4. Slow Motion Zombie Movies
I couldn’t help but wonder what an alternative version of this season, without the pandemic, would look like. Despite shooting in the Chicago area for most of production, the real-world city most associated with Gotham City – due to the first two of Christopher Nolan’s Dark Knight Trilogy – feels decidedly un-Gotham and Chicago. It exists in a un-space. It clearly isn’t Vancouver, but if you’d told me it was shot in the chameleon like space of on the outskirts of Toronto, I wouldn’t be surprised. This creation of a un-space results in an interesting tension in the series, allowing the show to achieve a certain Gothamness, which proves to be detrimental dramatically in a few spots. The lack of geographic clarity and contiguity, focusing instead on depictions of spaces that serve functions, is central to the depiction-development of Gotham City in the comics and other mediums – see The Batman’s Gotham CityTM: Story, Ideology, Performance by William Uricchio
At the same time as a viewer without a sense of clarity or continuity it lessens the impact of Dick Grayson staring out into Gotham City as it slowly tears itself apart. I have no frame of reference for what it is I’m seeing, a generic city skyline with some smoke and non-diegetic sound telling me that mayhem is ensuing.
“Troubled Water” is a slowly unfolding zombie film that happens in the background of the episode. Perhaps it would’ve been more effective with more people, the sequence of the Titans “helping” had width but not depth in terms of extras. It all looked safe and was still solidly blocked out to give a sense of scale, but after watching the final looting montage it all felt so small.

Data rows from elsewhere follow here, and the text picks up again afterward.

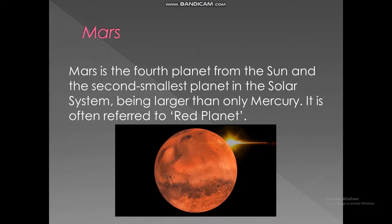Mars. Mars is the fourth planet from the sun and the second smallest planet in the solar system, being larger than only Mercury. It is often referred to as the red planet.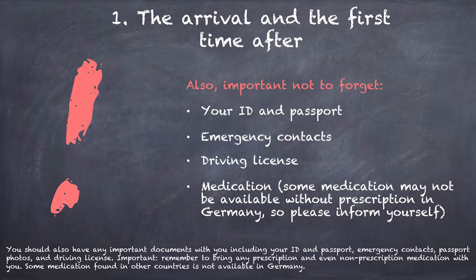You should also have any important documentation including passport, ID, emergency contacts and also your driving license. Remember you have to bring also your prescription and even non-prescription medication, as some medications found in other countries are not available in Germany.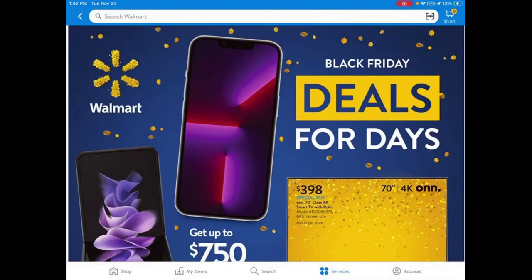Hey everybody! Today I wanted to go over the Black Friday deals for Walmart. This is the Black Friday deals for 2021, and they got some pretty good deals this year.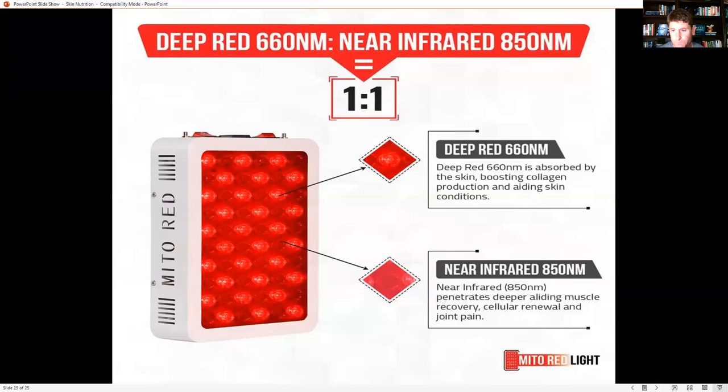The unit I like is the Mito Red, because it has both deep red and near-infrared wavelengths. Deep red is great for boosting collagen production and aiding skin conditions, while near-infrared is really good for muscle recovery, cellular renewal, and joint pain. I have a Mito Red at my house and use it regularly at least three or four days a week — it really makes a difference. Use coupon code DRJOCKERS on their website for 5% off.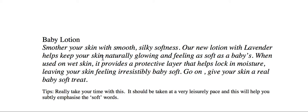So, take your time with soft sell. Get into the words. Try and use the words as a clue as to how they should be read. And if you can do any little pauses — don't overdo it — but any little tricks like 'feeling irresistibly baby soft.' Go on. Bit of a pause. Go on. Give your skin a real baby soft treat. And round it off at the end. You can almost hear the full stop and the rhythm at the end. Often the last bit of a commercial is a really important bit — the clients want the viewers or listeners to hear that.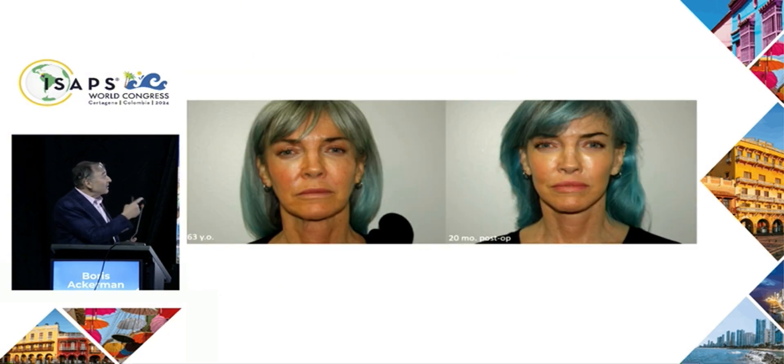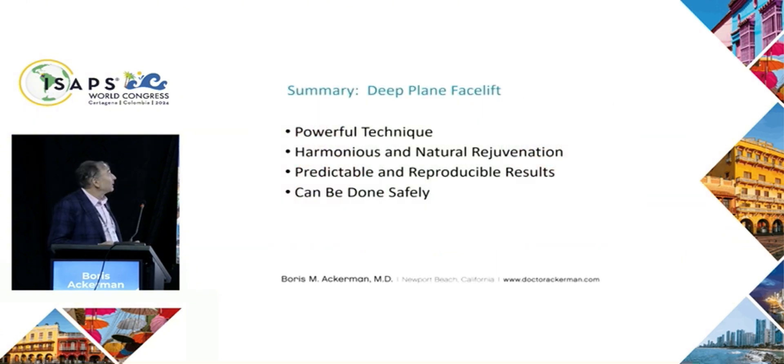This is the same patient whose intraoperative images were just observed. She's 63 years old and almost two years post-op — rejuvenated mid-face, crisp jawline, looking quite natural. In summary, it's a powerful technique that can create harmonious, natural rejuvenation. The results are predictable, and it can be done safely.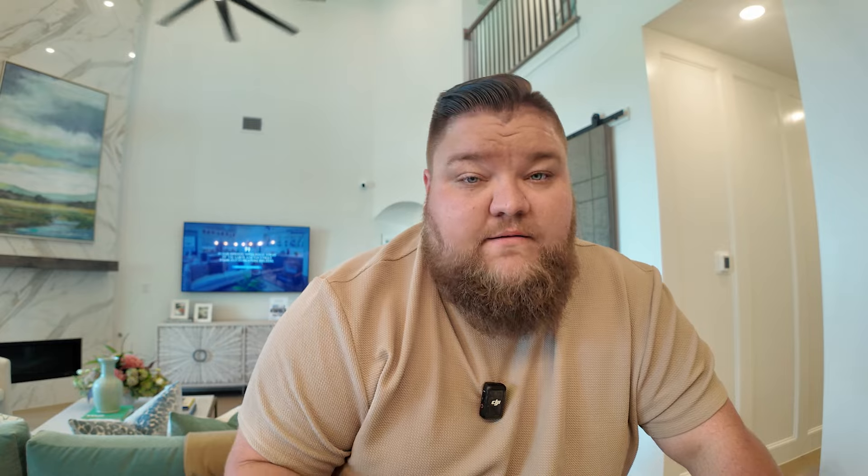Dare to compare — they've got it out, they want to talk about included features. So this is Quail Hollow — included features vary community to community. We've got energy star testing to make sure there's no air leak, R-49 attic insulation, and level two wood floors included in the entry, entryway study, family, dining, kitchen, and primary suite.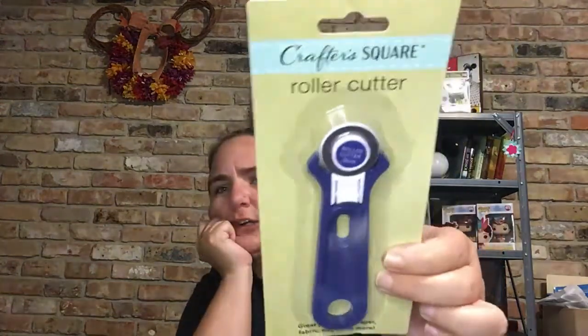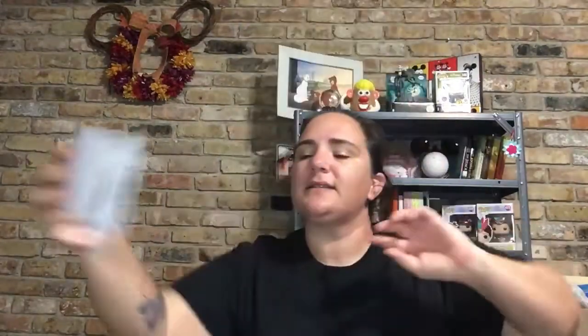The only thing left in the bag is some treats for the dog — two bags of those — and then four more things, and that's it for Dollar Tree.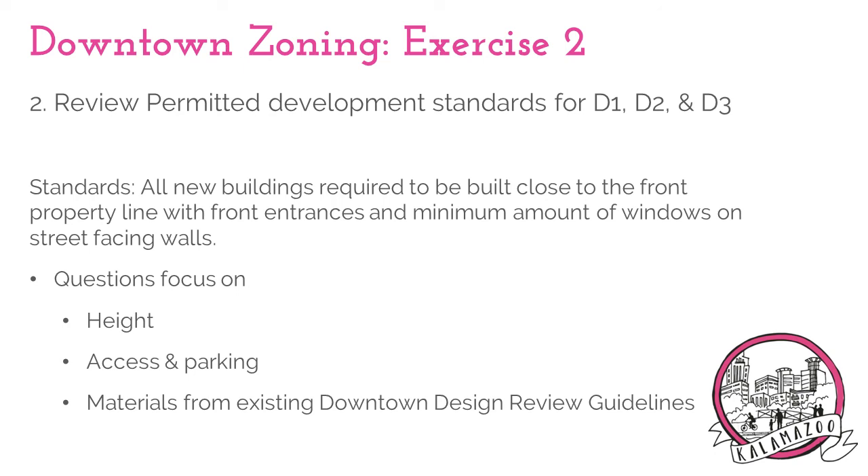The new downtown districts are form-based, meaning that in addition to permitting uses and general building location, they include standards that will also regulate form — specifically for building walls that face public areas such as our streets and sidewalks. This includes standards such as entrances on street-facing walls and the minimum amount of transparency, which means the ratio between windows to wall space. These standards currently exist in the city's downtown design review guidelines and are being transferred into the zoning code itself.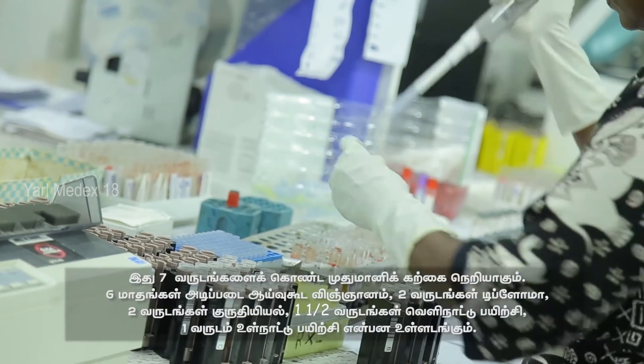As a PG trainee, it is a seven-year course — six months of basic laboratory science, two years of diploma, two years of MD hematology, one and a half years of foreign training, and one year of local training.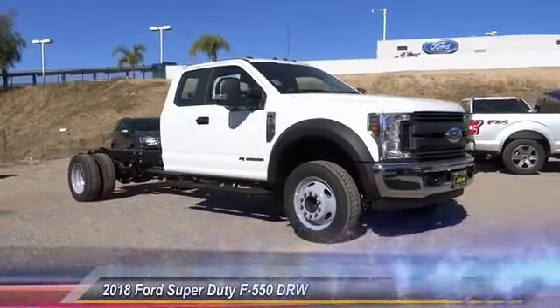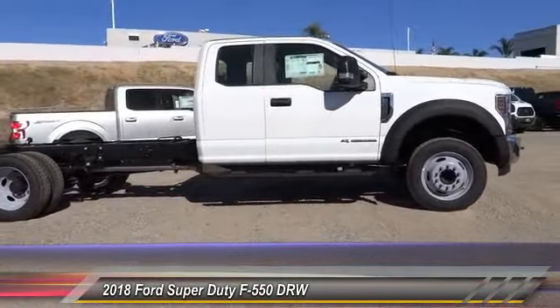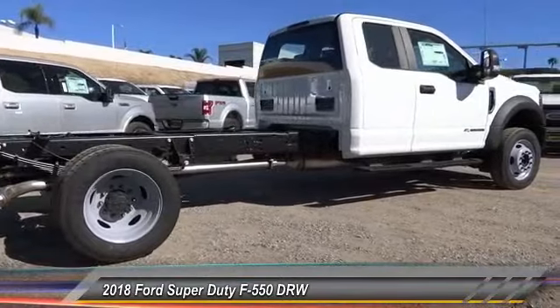The 2018 F-550 Super Duty. The Ford Super Duty F-550 is a real work truck built with Ford tradition for reliability, safety, and comfort. This heavy-duty work truck is ready to tackle the most demanding job.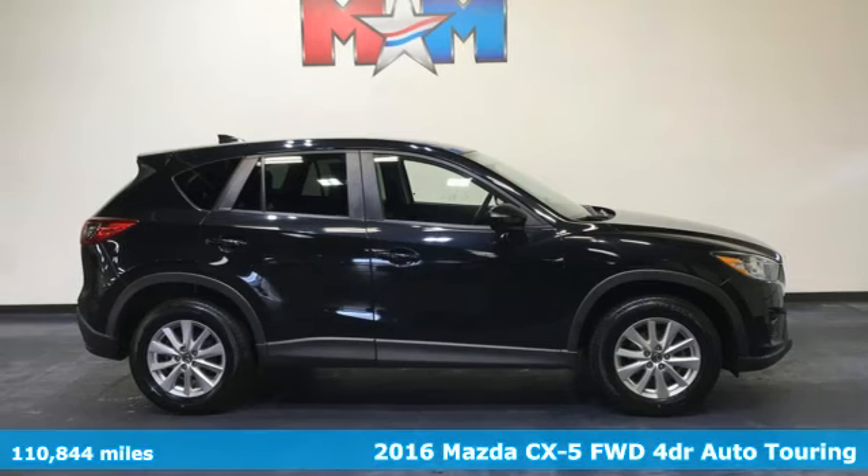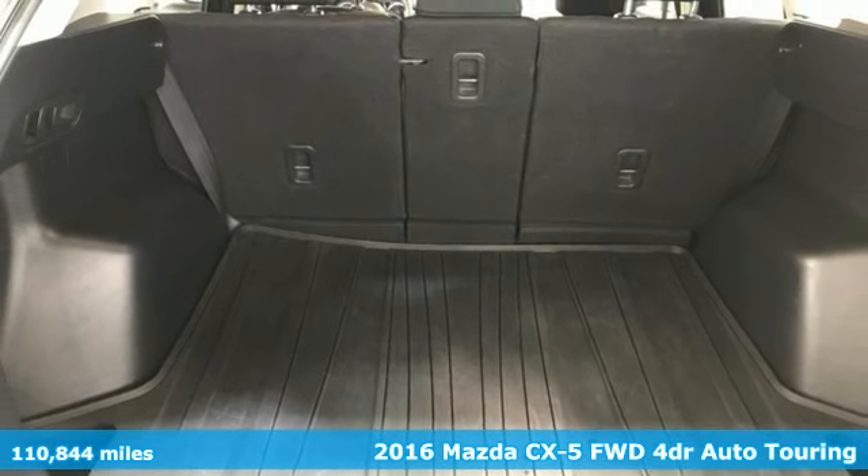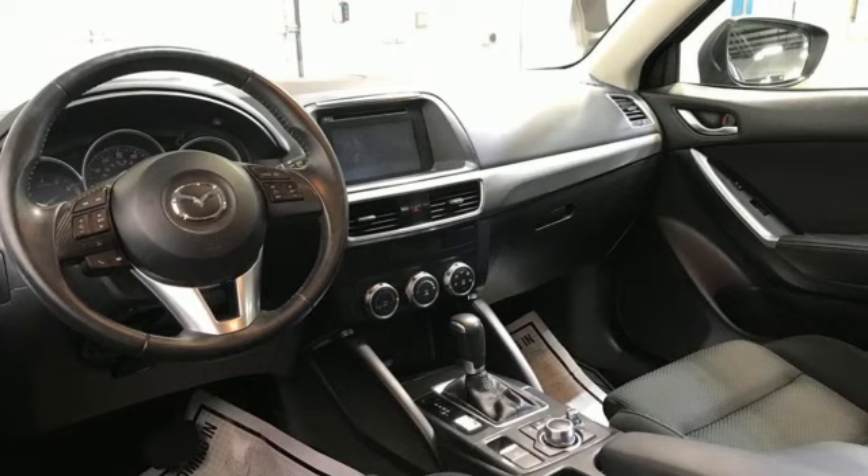Here's a 2016 Mazda CX-5. Its inspired design stirs the soul, a not-so-subtle reminder that crossover doesn't have to mean bland.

5. Donna Returns (along with Raven)
Meanwhile Donna Troy, freshly back in the land of the living, is on her way to Gotham City. As with most of this episode it was mostly about pushing characters around to set them up for the final batch of episodes. While It did seem odd for a show to suddenly have a ‘C’ plot, and one that felt so decidedly isolated from everything else, Donna’s anxiety over her identity is a nice support-counter weight to Jason’s season long identity crisis. The nature of the Amazons in this universe are still obscure, by Lydia pushes Donna to accept her role as a leader. Titans has rarely indicated that she was part of some larger destiny but massive retcons are part of Donna Troy’s brand. The show transitioning to one where Donna leads the team would be interesting considering the treadmill Dick Grayson has been on for three seasons.
Her run in at the military outpost did provide the episode with some needed physical comedy as she dismantles the men around her.
Also Raven is back! How? Who cares she’s magic, it’s all magic, just go with it.